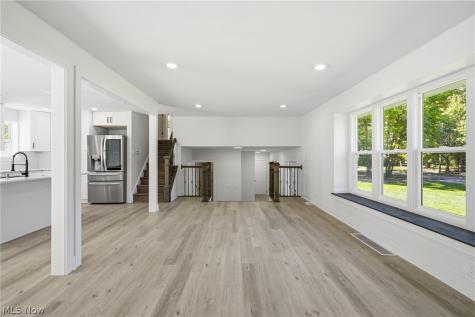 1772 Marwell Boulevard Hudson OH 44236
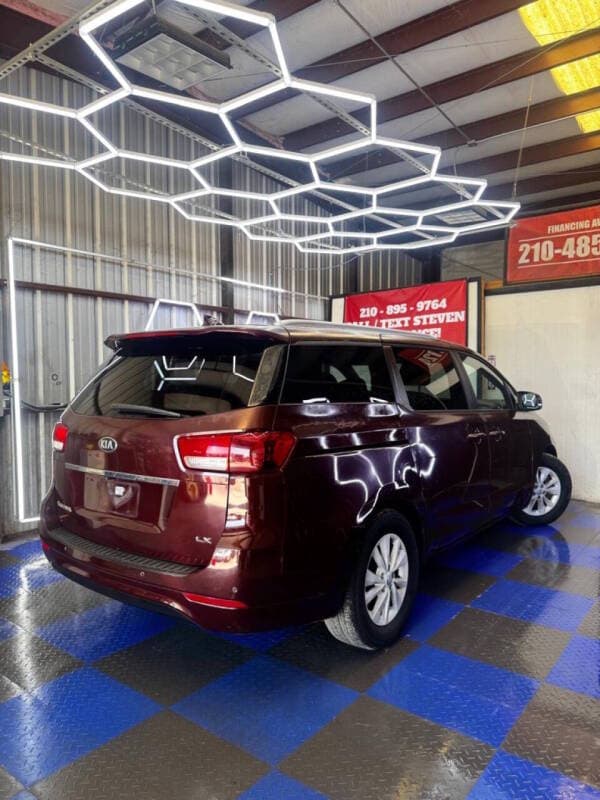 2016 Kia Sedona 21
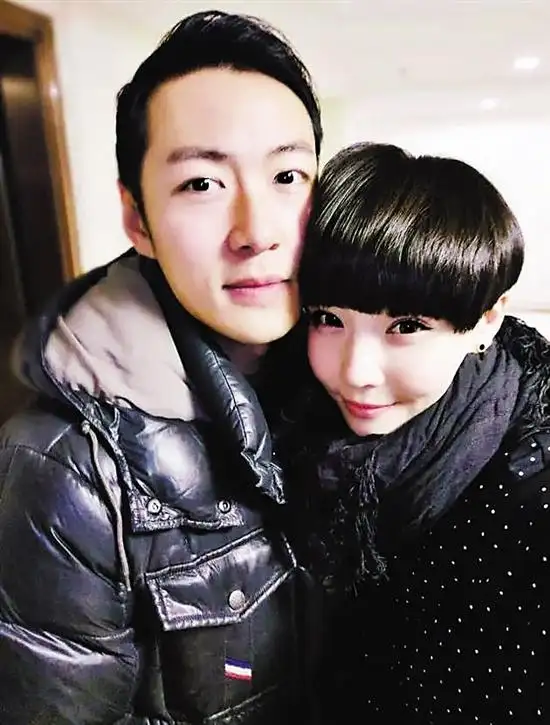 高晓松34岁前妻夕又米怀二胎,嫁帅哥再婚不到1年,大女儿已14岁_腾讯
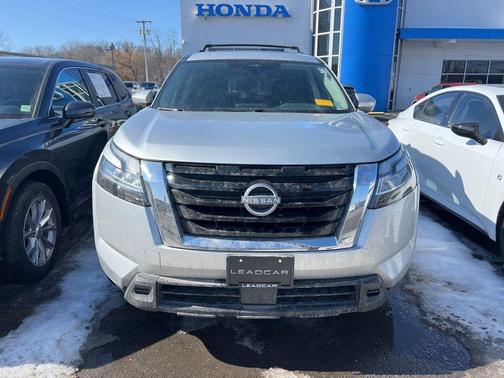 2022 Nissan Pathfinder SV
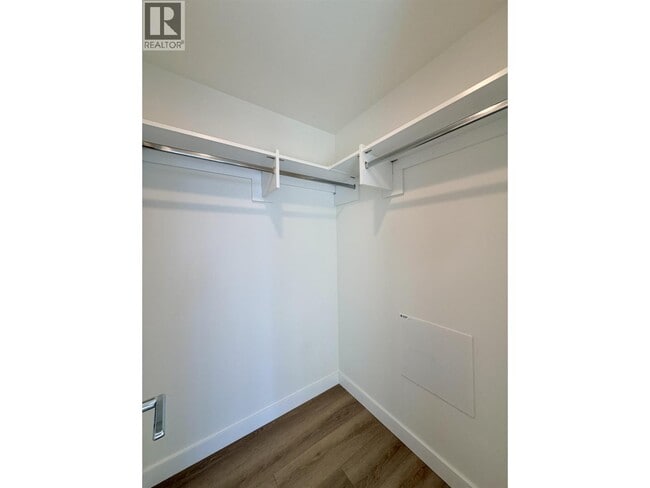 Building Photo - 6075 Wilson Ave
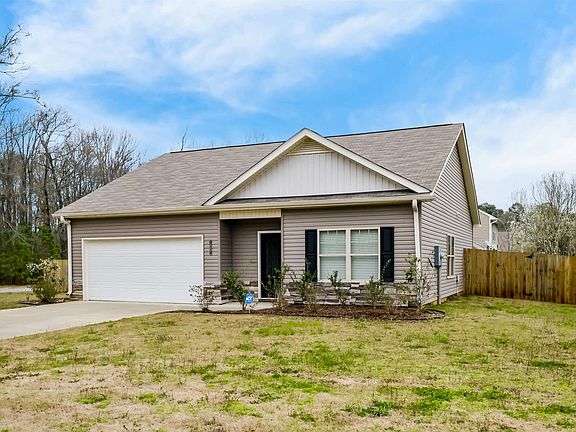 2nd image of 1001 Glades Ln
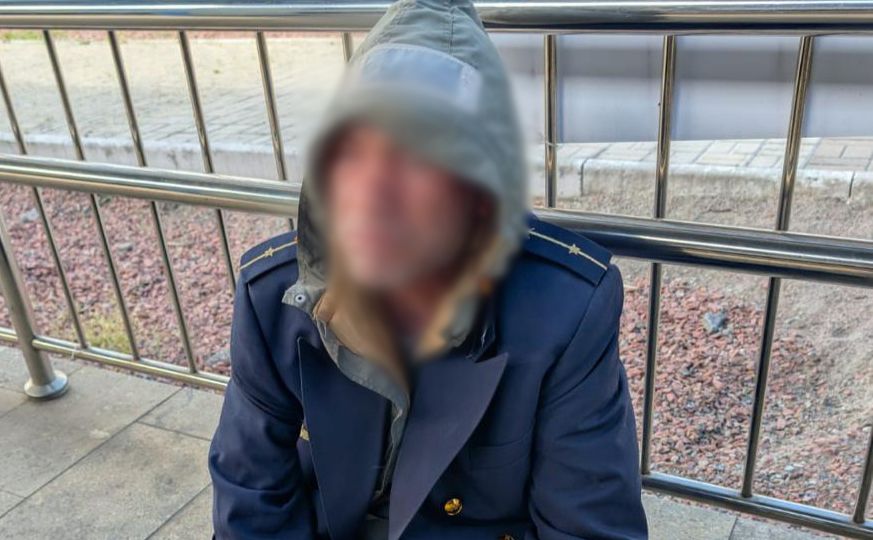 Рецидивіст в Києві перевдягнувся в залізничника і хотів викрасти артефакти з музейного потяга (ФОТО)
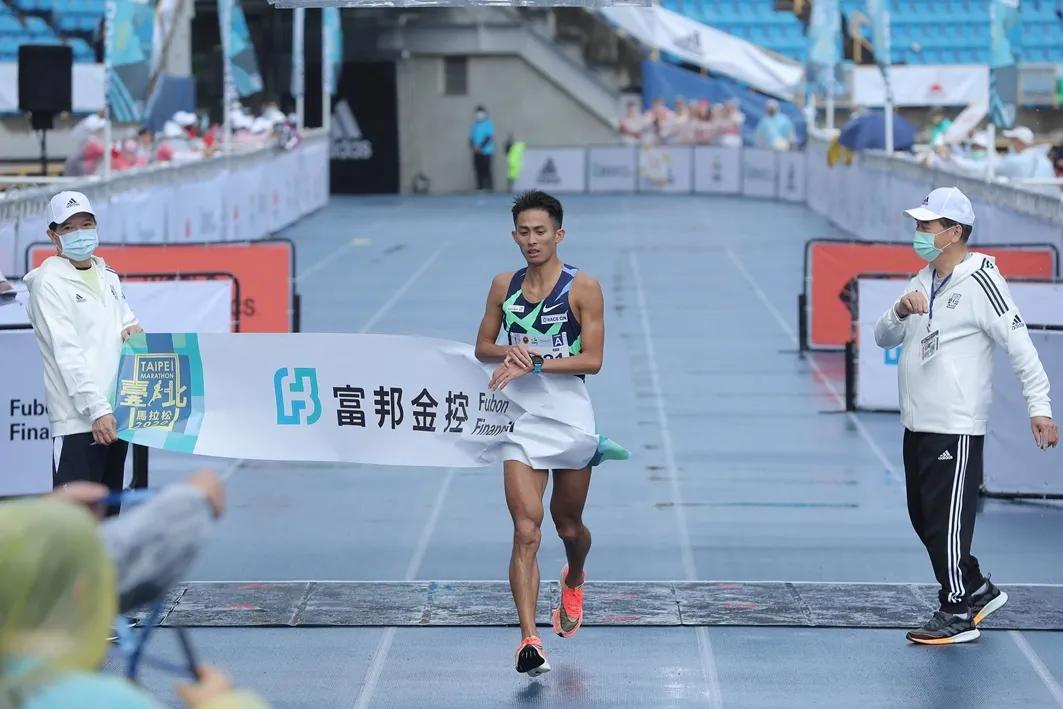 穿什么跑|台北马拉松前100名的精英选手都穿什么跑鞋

Your task
Once the images are set aside, retype all of the material above exactly.

Task answer
 1772 Marwell Boulevard Hudson OH 44236
 2016 Kia Sedona 21
 高晓松34岁前妻夕又米怀二胎,嫁帅哥再婚不到1年,大女儿已14岁_腾讯
 2022 Nissan Pathfinder SV
 Building Photo - 6075 Wilson Ave
 2nd image of 1001 Glades Ln
 Рецидивіст в Києві перевдягнувся в залізничника і хотів викрасти артефакти з музейного потяга (ФОТО)
 穿什么跑|台北马拉松前100名的精英选手都穿什么跑鞋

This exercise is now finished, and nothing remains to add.